** Exercise requirements **
Transcribe each record exactly, but omit pictures.

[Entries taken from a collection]
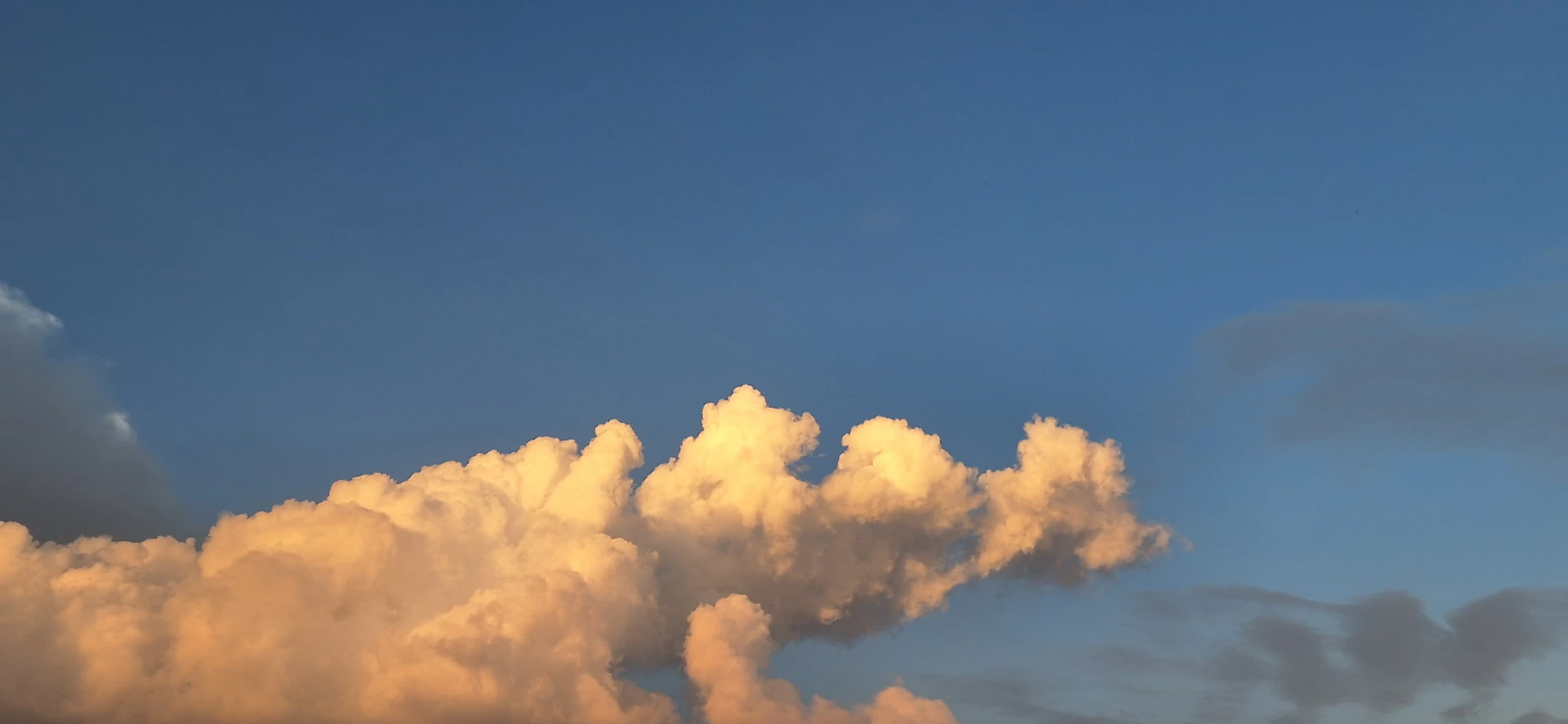 Golden clouds against a blue sky at sunset.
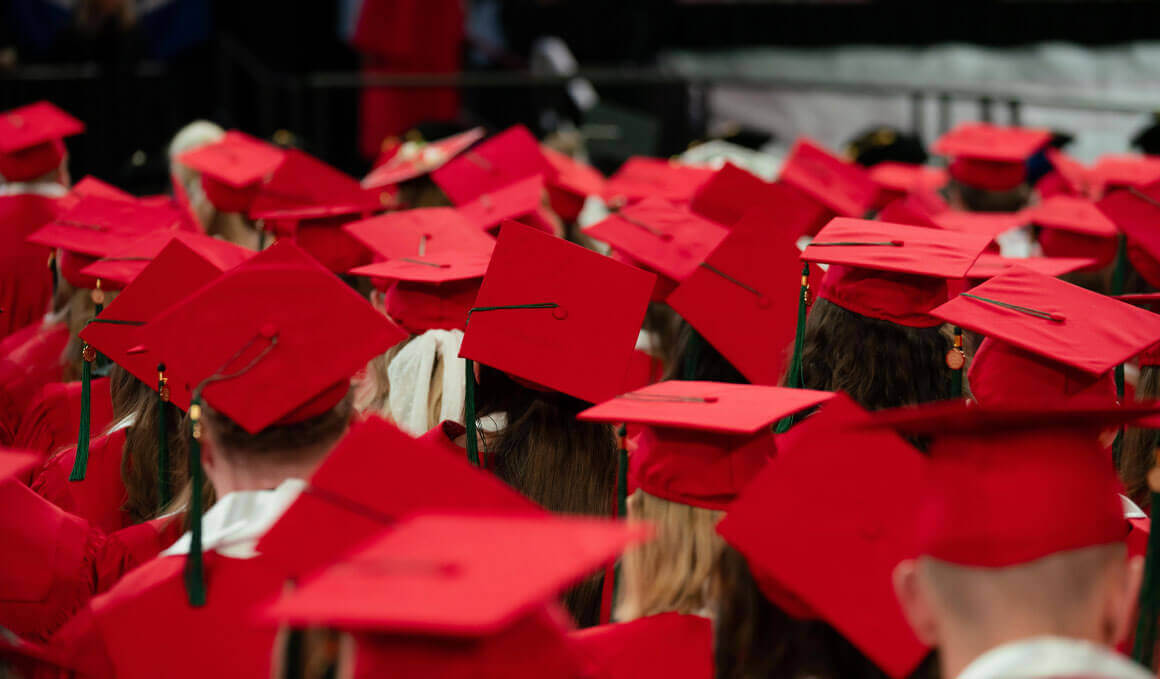 This photo shows an image of a group of USD students at commencement, with their backs turned to the camera. The focus of the photo is on their red graduation caps, that have a tassle hanging off to the left side.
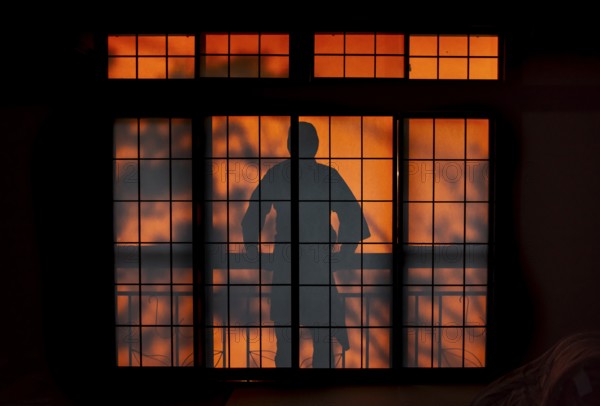 Shadows of a man on the balcony behind a sliding shoji door in a traditional Japanese house, Yamanouchi, Nagano, Japan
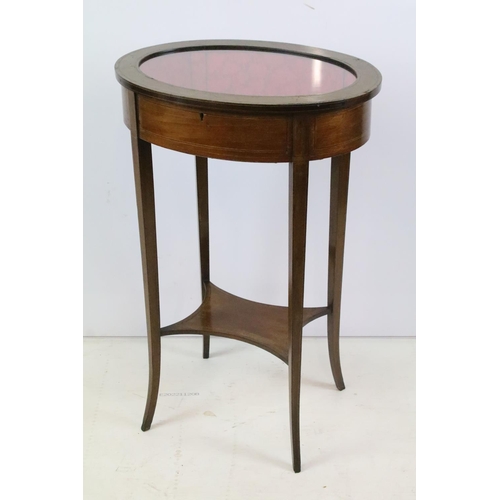 357 - Edwardian mahogany inlaid oval bijouterie table, with glazed top above stretchered panel, 75.5cm hig... 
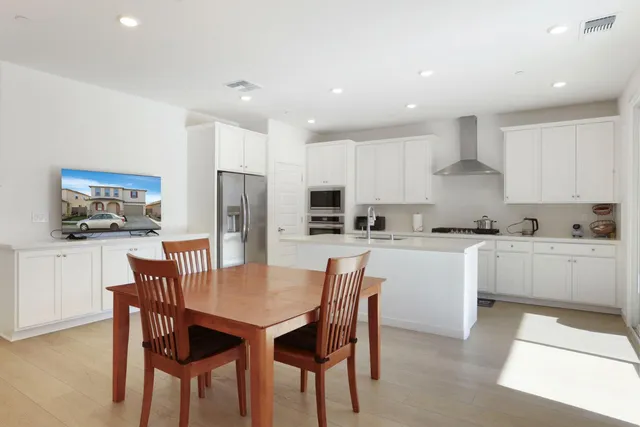 a kitchen with a dining table chairs and refrigerator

** Response to the exercise **
 Golden clouds against a blue sky at sunset.
 This photo shows an image of a group of USD students at commencement, with their backs turned to the camera. The focus of the photo is on their red graduation caps, that have a tassle hanging off to the left side.
 Shadows of a man on the balcony behind a sliding shoji door in a traditional Japanese house, Yamanouchi, Nagano, Japan
 357 - Edwardian mahogany inlaid oval bijouterie table, with glazed top above stretchered panel, 75.5cm hig... 
 a kitchen with a dining table chairs and refrigerator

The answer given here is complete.